Last night on a boozy zoom call with some friends I did a very poor job of trying to explain how I think about the difference between price and value (and why that difference is important). I’m going to try to use this space to clarify my thoughts on the subject in a way which will hopefully be informative to y’all as well.
I believe that the term “value” can apply to a few distinct concepts:
- Usage value — this is something like the “utility” that I get from using a product or a service
- Financial value — this is the purely monetary value of an asset and generally refers to future expected income streams from owning an asset
The consumption of consumer goods often only have usage value — for example, buying a ticket to go see a movie has no financial value because there’s no future expected returns from that. Owning a financial instrument, like a stock or a bond, often only has financial value in that there’s no additional utility that comes from owning that asset.
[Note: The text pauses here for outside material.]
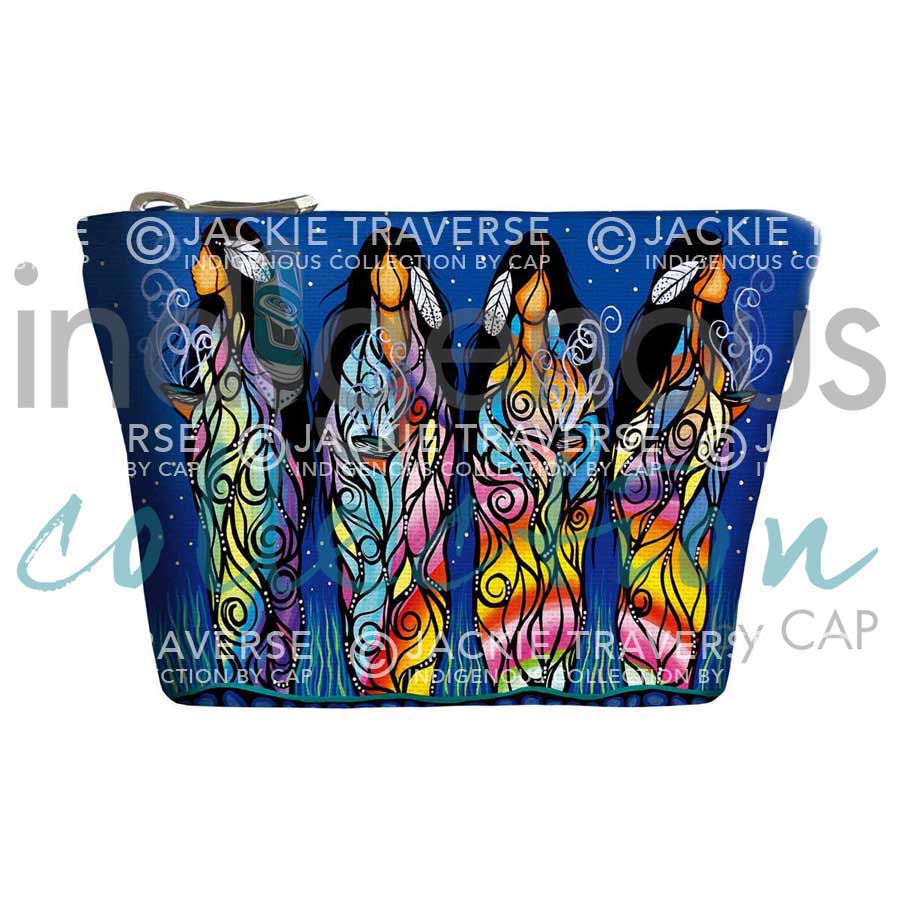 Bringing Good Medicine Coin Purse by artist Jackie Traverse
Something like owning a home has both — both usage value (if you live in that home) and some amount of financial value from a potential future sale of that home or from renting the home out to others.
The financial value of an asset can be tricky to reason about because there are a few different interlocking concepts:
- Financial value
- True future income stream — this is the “true” schedule of future returns from owning the asset. This is unknowable except in retrospect.
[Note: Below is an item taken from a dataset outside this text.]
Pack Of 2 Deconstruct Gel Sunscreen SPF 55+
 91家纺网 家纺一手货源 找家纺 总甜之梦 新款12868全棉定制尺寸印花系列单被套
- An individual’s fundamental valuation — this is the net present value of the assets future expected returns.
- An individual’s belief’s about the future income stream of an asset (i.e., what’s going to happen in the future)
- An individual’s net present value function which will vary depending upon the individual’s belief’s about the future and their risk tolerance (the value of money today vs money tomorrow)
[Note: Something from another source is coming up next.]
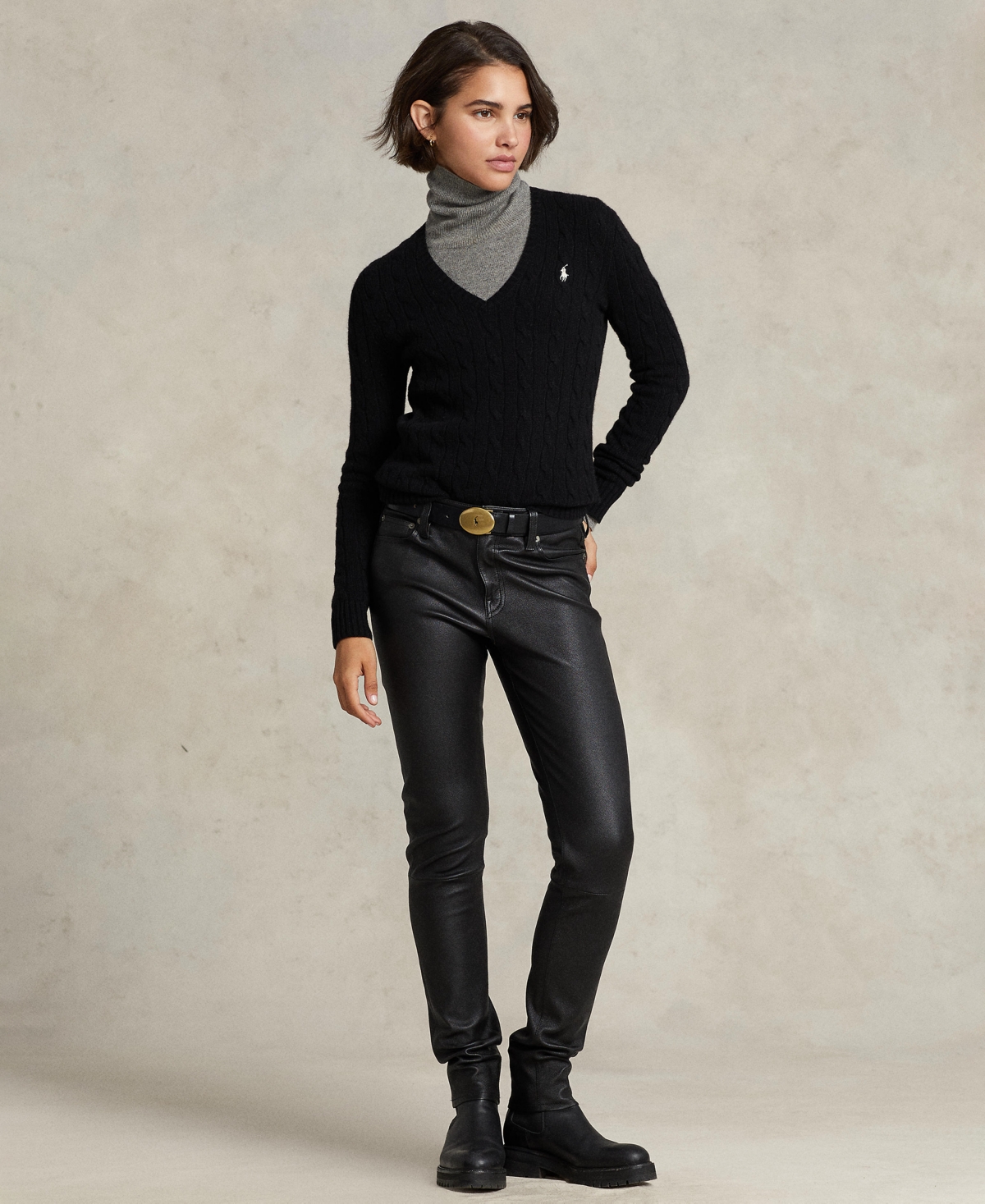 Polo Ralph Lauren Women's Cable-Knit Slim-Fit Sweater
I want to say that there exists a true future income stream of an asset that exists but that it is unknowable, and lots of different individual’s fundamental valuations. Individual’s valuations may differ because they have different beliefs about the future or because they have different discount rates.
One thing that complicates this picture is that to any given individual, there are two different ways that an owner can realize the value of an asset:
- Receiving a stream of income into the future according to the assets true future income stream
- Selling the asset to someone else at the prevailing price
The second point is what can lead to confusion about what the value of a financial asset is — since owners of an asset can always sell the asset at the prevailing price, it can be tempting to say that the price reflects the asset’s value.
When I’m talking about financial assets, I want to define price and value distinctly.
- Price: in financial markets, price reflects the weighted average beliefs of all the individuals in the market about the financial value of the asset
So, price does not impact the financial value of an asset in terms of future income streams, but it can affect the value to an owner of the asset, because if the price is higher than the owner’s individual fundamental valuation, they can (and should!) sell the asset on the market and come out on top.
The point that I want to keep clear is that the price of an asset can move around a lot (e.g., in the stock market) without the underlying value of the asset shifting at all — sometimes they both move together, sometimes the value can change while the price stays the same. But they’re too distinct concepts and hopefully this clarifies how they’re distinct.